NEW JEWISH OUTPOSTS IN JUDEA-SAMARIA
A Jewish settlement group is promoting efforts to establish three outposts at the same time in undisclosed locations of the ancient Jewish heartland also referred to as the West Bank.
The initiative proposed by the Nachala Settlement Movement is expected to meet opposition from left-wing Peace Now activists. A report in The Times of Israel noted that the project has already prompted severe violence and has been backed by right-wing and religious public figures, including lawmakers and rabbis.
ISRAELI LABOR PARTY ELECTS ITS LEADER
Israeli campaigns are underway ahead of the Nov. 1 elections. Political parties have until Sept. 1 to forge and submit their final member lists in order to run in the elections. Several parties, like Netanyahu’s Likud and the left-wing Labor, typically hold primary elections to determine the ranking of each representative and to choose their chairperson.
The Labor party has scheduled Monday to choose its leader in the upcoming elections. There is a good chance that Transportation Minister Merav Michaeli, who currently heads Labor, will remain in the lead position. The same goes for former Prime Minister Benjamin Netanyahu, who is likely to remain unchallenged as the head of Likud.
US ENVOY ON ANTI-SEMITISM IN SOUTH AMERICA
U.S. Special Envoy to Monitor and Combat Anti-Semitism Deborah Lipstadt will travel to Argentina and Chile this week. The ambassador will engage with local Jewish communities, government officials and civil-society representatives on actionable strategies and opportunities to counter anti-Semitism.
In Argentina, Lipstadt and Yad Vashem Chairman Dani Dayan will participate in events commemorating the anniversary of the bombing of the AMIA [Asociación Mutual Israelita Argentina] Jewish community center in Buenos Aires.

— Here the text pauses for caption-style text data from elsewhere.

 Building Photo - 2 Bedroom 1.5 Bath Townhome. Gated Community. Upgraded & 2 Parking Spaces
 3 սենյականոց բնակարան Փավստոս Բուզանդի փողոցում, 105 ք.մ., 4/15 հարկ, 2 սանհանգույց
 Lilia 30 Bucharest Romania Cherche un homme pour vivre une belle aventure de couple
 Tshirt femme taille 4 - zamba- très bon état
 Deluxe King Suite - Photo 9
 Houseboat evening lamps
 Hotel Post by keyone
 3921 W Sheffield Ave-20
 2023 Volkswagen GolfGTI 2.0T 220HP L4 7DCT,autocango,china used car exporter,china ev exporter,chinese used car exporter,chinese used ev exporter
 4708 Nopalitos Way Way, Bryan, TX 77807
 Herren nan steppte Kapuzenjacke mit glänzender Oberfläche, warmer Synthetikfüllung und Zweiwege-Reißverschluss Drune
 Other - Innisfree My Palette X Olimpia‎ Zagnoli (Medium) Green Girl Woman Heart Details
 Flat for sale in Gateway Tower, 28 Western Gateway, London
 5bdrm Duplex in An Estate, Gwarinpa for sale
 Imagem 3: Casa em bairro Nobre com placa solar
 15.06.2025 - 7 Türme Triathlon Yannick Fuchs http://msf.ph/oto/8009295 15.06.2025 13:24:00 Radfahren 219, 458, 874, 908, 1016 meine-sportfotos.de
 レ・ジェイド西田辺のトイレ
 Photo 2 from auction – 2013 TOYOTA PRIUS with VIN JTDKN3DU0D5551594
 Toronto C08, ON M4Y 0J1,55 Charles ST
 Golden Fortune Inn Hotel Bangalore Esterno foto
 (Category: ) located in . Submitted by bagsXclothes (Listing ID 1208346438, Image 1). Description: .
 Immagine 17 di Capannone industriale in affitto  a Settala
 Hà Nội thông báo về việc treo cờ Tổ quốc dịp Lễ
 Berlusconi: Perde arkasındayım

The July 18, 1994, attack, which saw 85 people killed and hundreds more injured, remains one of the deadliest attacks targeting Jews in the last half-century.
EXPECTED BREAD-PRICE HIKE FROZEN
The price of government-regulated bread in Israel was expected to rise a whopping 20% this week. But after a request from Economy Minister Orna Barbivay, Israel's large supermarket chains decided to hold off for now on passing along the increase to consumers.
The prices are impacted by the Russian invasion of Ukraine which is o e of the world's largest exporters of wheat.
Israel’s inflation rate was at 4.4% in June – the highest it has been since 2008 – according to the Central Bureau of Statistics.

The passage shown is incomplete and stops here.